(Beginning of Task material)
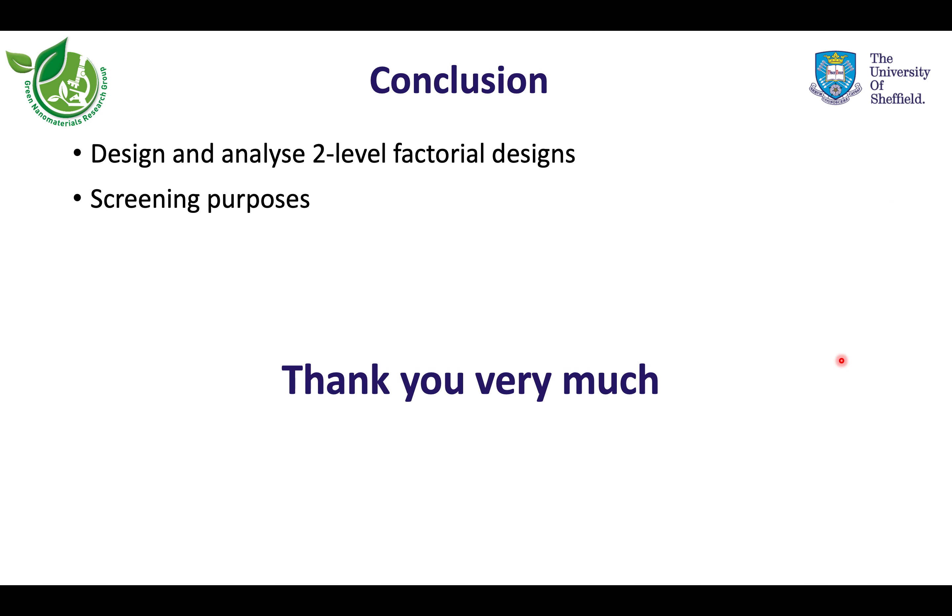To conclude, this tutorial gave a brief introduction to designing and analyzing two-level factorial designs for the purpose of factor screening in Minitab. Please email me for any further clarifications. And thank you very much.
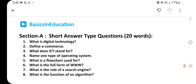Question number 1: What is digital technology? Question number 2: Define e-commerce. Question number 3: What does ICT stand for? Question number 4: Name one type of operating system. Question number 5: What is a flowchart used for? Question number 6: What is the full form of WWW? Question number 7: What is the role of a search engine? Question number 8: What is the function of an algorithm?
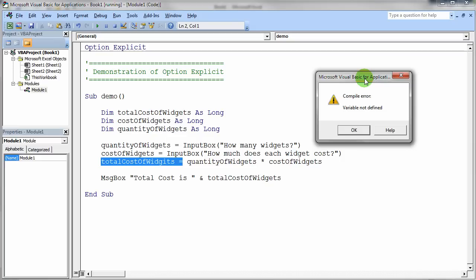Now, depending on how sharp your eye is, you may or may not have noticed that that particular variable indeed was not defined. In fact, if you look closely at that variable, there's a misspelling in that variable where widgets is spelled with an I right there. Whereas the widgets variable really is declared with the E.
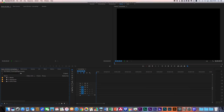Hi everybody, welcome back. Thank you very much indeed for checking out this video in which we're going to be talking about Premiere Pro CC and specifically the proxy workflow mode and how we can use that to our best advantage when working with high resolution footage to enjoy an efficient and speedy workflow.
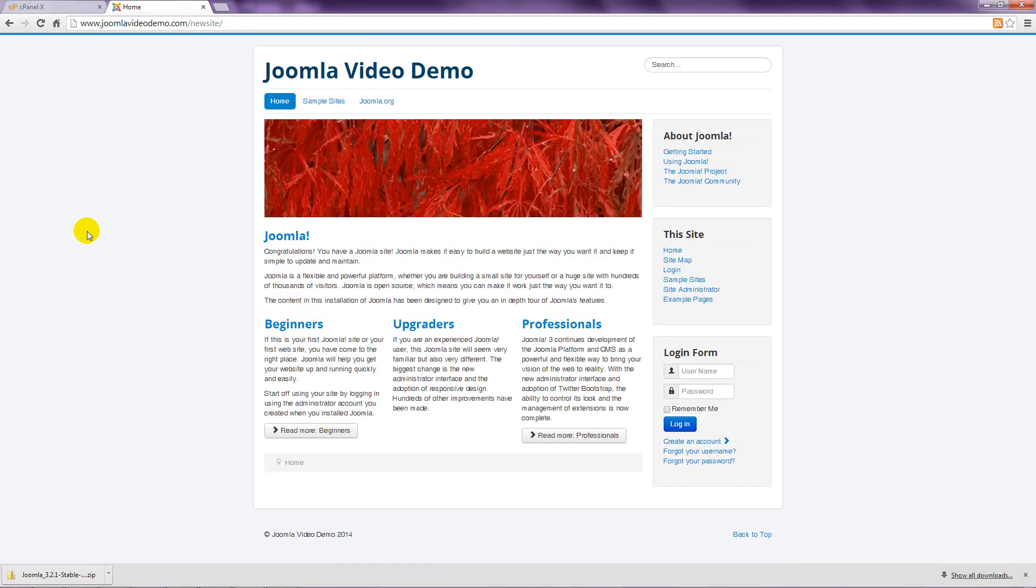Joomla has now been installed, and you're ready to take a walk through the front end of the site in the next lesson. If you are not successful, please refer to the troubleshooting appendix in the workbook of this course. If you haven't downloaded the workbook yet, have a look for it on the site you're on now, or at our site at www.buildajoomlawebsite.com.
(End of Task material)
--- Your goal ---
Only lines belong in the copy: transcribe those from the start of the data through the line that contains "Question number 1: What", and skip the pictures.

--- Answer to this task ---
To conclude, this tutorial gave a brief introduction to designing and analyzing two-level factorial designs for the purpose of factor screening in Minitab. Please email me for any further clarifications. And thank you very much.
Question number 1: What is digital technology? Question number 2: Define e-commerce. Question number 3: What does ICT stand for? Question number 4: Name one type of operating system. Question number 5: What is a flowchart used for? Question number 6: What is the full form of WWW? Question number 7: What is the role of a search engine? Question number 8: What is the function of an algorithm?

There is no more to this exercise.